Female characters play a smaller role than they might now, the two significant adult women being the continually unfaithful Mrs Keller and the intimidating Mrs Raub, not exactly positive role models. Dick was already pushing the boundaries for the era though with Stuart as a sympathetic black male lead and additionally Edie, being a child, is not constrained by gender roles and so provides a strong positive female character. Although clearly informed by events at the time, the space race and the Cold War, those sensibilities are not explicit, so while Dr Bluthgeld may represent the enemy and evil it is not such a specific enemy as Russia, rather a more general representation or madness and evil in humanity. The result is that the book feels charmingly dated but the reading experience is largely unaffected by that.

It's a quirky, sometimes funny, sometimes chilling read and in spite of the circumstances overall it presents an optimistic view of humanity. The general feeling is that most people will try to rebuild communities and carry on with their lives. Of course, there is always the risk of a perfectly good horse getting eaten by the war vets who live under the ferry jetty. When Stuart returns to his horse drawn car after a trip to buy parts and discovers just the inedible bits left, his sorrow over the loss is contrary to what we have seen of him so far and while the scene is delivered with humour it's also quite touching.

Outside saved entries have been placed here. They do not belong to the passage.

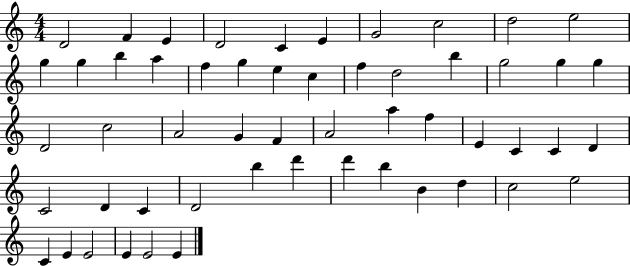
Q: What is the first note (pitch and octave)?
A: D4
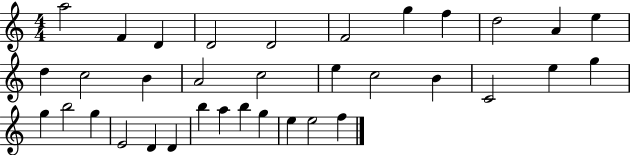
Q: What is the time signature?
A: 4/4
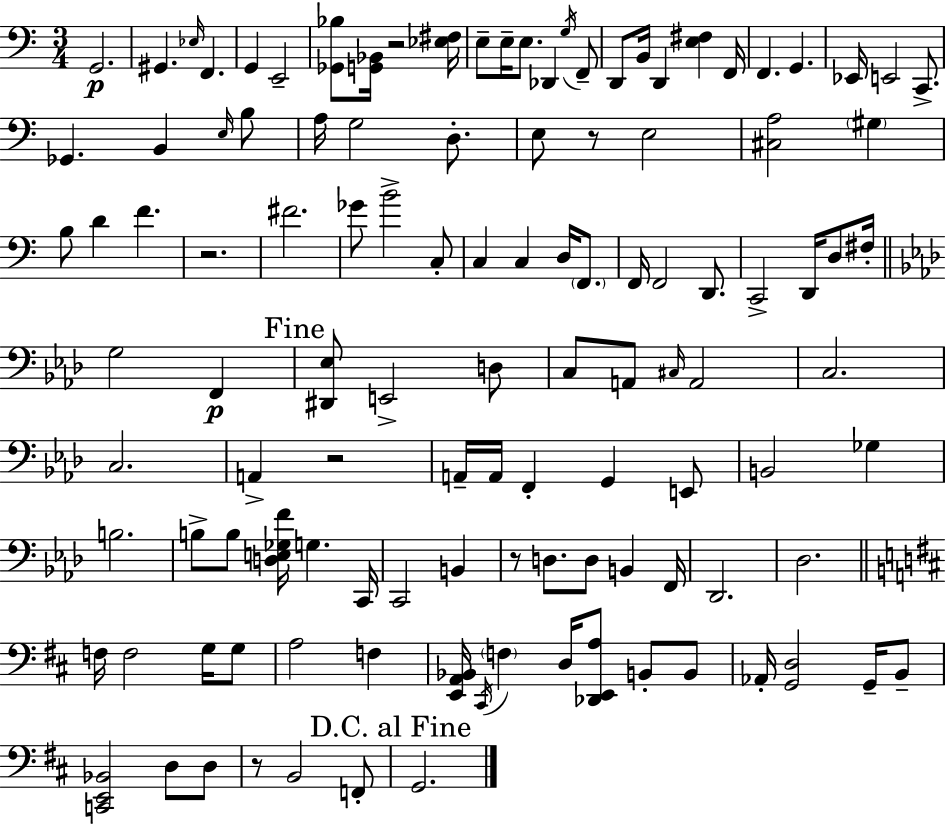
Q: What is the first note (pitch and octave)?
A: G2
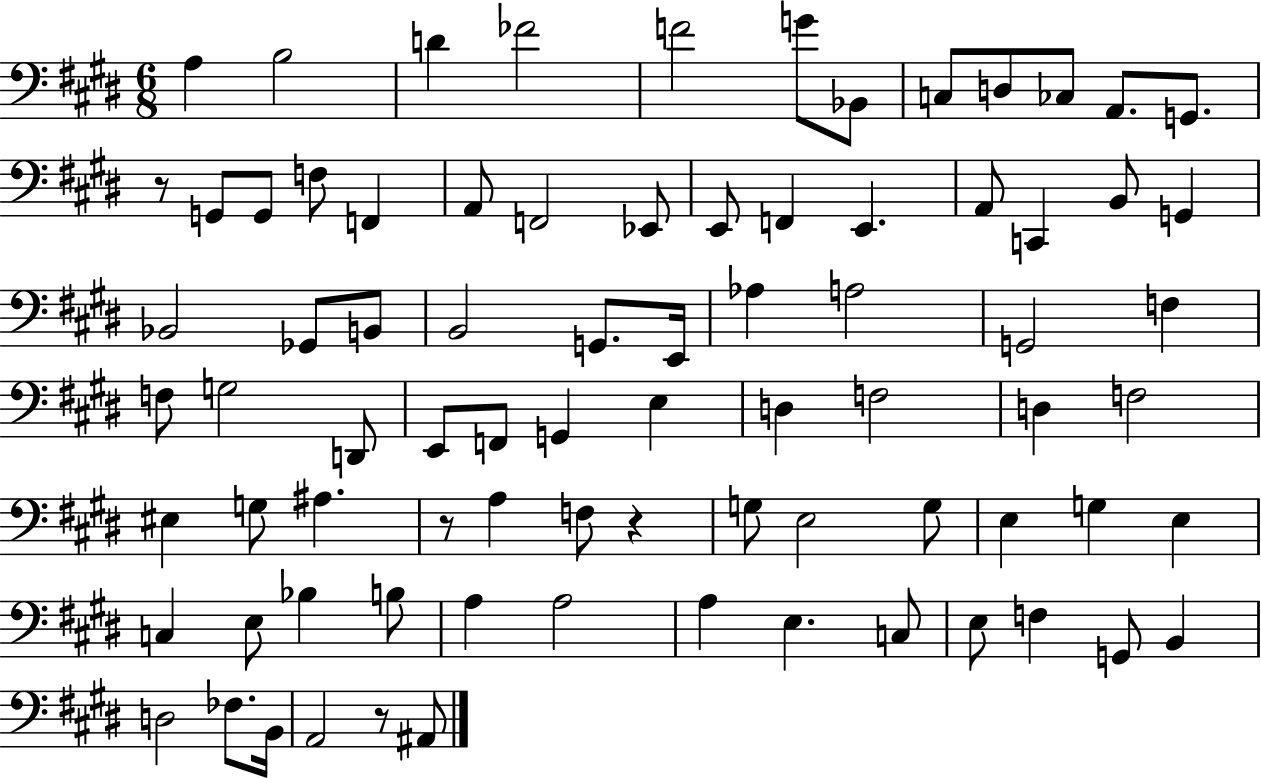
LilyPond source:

{
  \clef bass
  \numericTimeSignature
  \time 6/8
  \key e \major
  a4 b2 | d'4 fes'2 | f'2 g'8 bes,8 | c8 d8 ces8 a,8. g,8. | \break r8 g,8 g,8 f8 f,4 | a,8 f,2 ees,8 | e,8 f,4 e,4. | a,8 c,4 b,8 g,4 | \break bes,2 ges,8 b,8 | b,2 g,8. e,16 | aes4 a2 | g,2 f4 | \break f8 g2 d,8 | e,8 f,8 g,4 e4 | d4 f2 | d4 f2 | \break eis4 g8 ais4. | r8 a4 f8 r4 | g8 e2 g8 | e4 g4 e4 | \break c4 e8 bes4 b8 | a4 a2 | a4 e4. c8 | e8 f4 g,8 b,4 | \break d2 fes8. b,16 | a,2 r8 ais,8 | \bar "|."
}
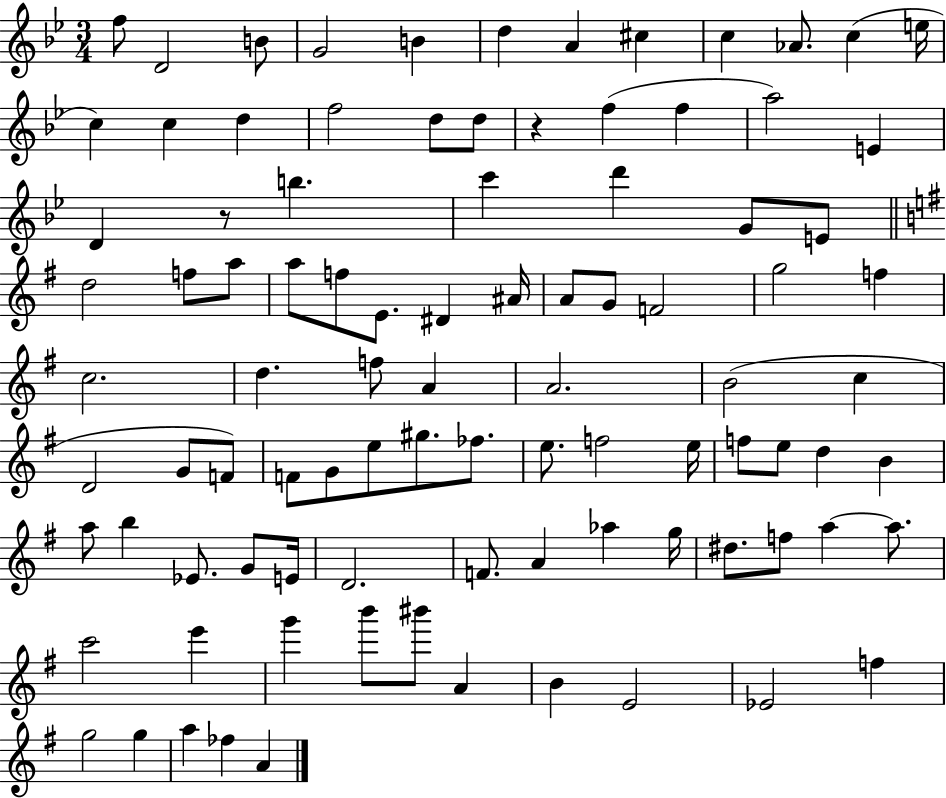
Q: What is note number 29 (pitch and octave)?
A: D5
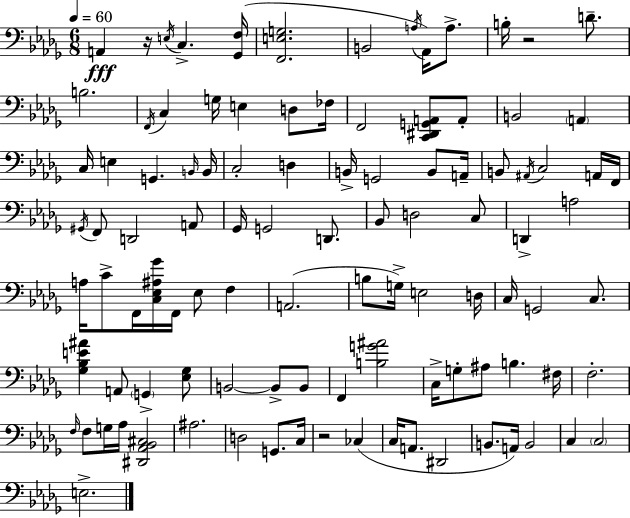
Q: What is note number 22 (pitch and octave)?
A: E3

One of my favourite passages begins with an example of Dick's dry humour and although it has no real relevance to the plot, it humanises a side character and provides some insight into what these characters are experiencing:

'”Listen my friend”, the Veteran said, “I got a pet rat lives under the pilings with me? He's smart; he can play the flute. I'm not putting you under an illusion, it's true. I made him a little wooden flute and he plays it, through his nose... it's practically an Asiatic nose-flute like they have in India. Well, I did have him, but the other day he got run over”.'

The image of a rat playing a nose flute will stay with me and make me smile for some time.

Dick talks in the afterward about the characters representing the best and worst of us all and it is possible at times to relate to all of them, even little Edie with her brother inside her, in spite of the strangeness of her situation her relationship with him is utterly typical of siblings, the petulance of their bickering comfortingly familiar:

'Ominously, Bill said,”if you don't, I'm going to go to sleep for a whole year.” He was silent, then. “Got to sleep, then,” Edie said. “I don't care. I have a lot of other people to talk to and you don't.” “I'll die, then, and you won't be able to stand that, because you'll have to carry a dead thing around forever inside you,”.'

When we finally see a little honesty in Bonny Keller's internal dialogue we find something that makes her suddenly more human:

'The world is so innocent,she thought to herself. Even yet after all that has happened to us. Gill wants to cure me of me – restlessness. Stuart McConchie can't imagine what I could wish for that I don't have right here. But maybe they're right and I'm wrong. Maybe i've made my life unduly complicated...maybe there's a machine in Berkeley that will save me too.'

Having read the author's comments, I shall leave you finally with some of his own final thoughts about this still extremely enjoyable and poignant book.

“I am proud of the people in this novel. And as I say, I would like to number myself as one of them. I once pushed a broom on the sidewalk of Shattuck Avenue in Berkeley and I felt the joy and sense of busy activity and industry that Stuart feels, the excitement, the sense of the future. And, as the novel depicts, despite the war – the war that did not in fact happen – it is a good future. I would have enjoyed being there with them in their microcosm, their postwar West Marin world."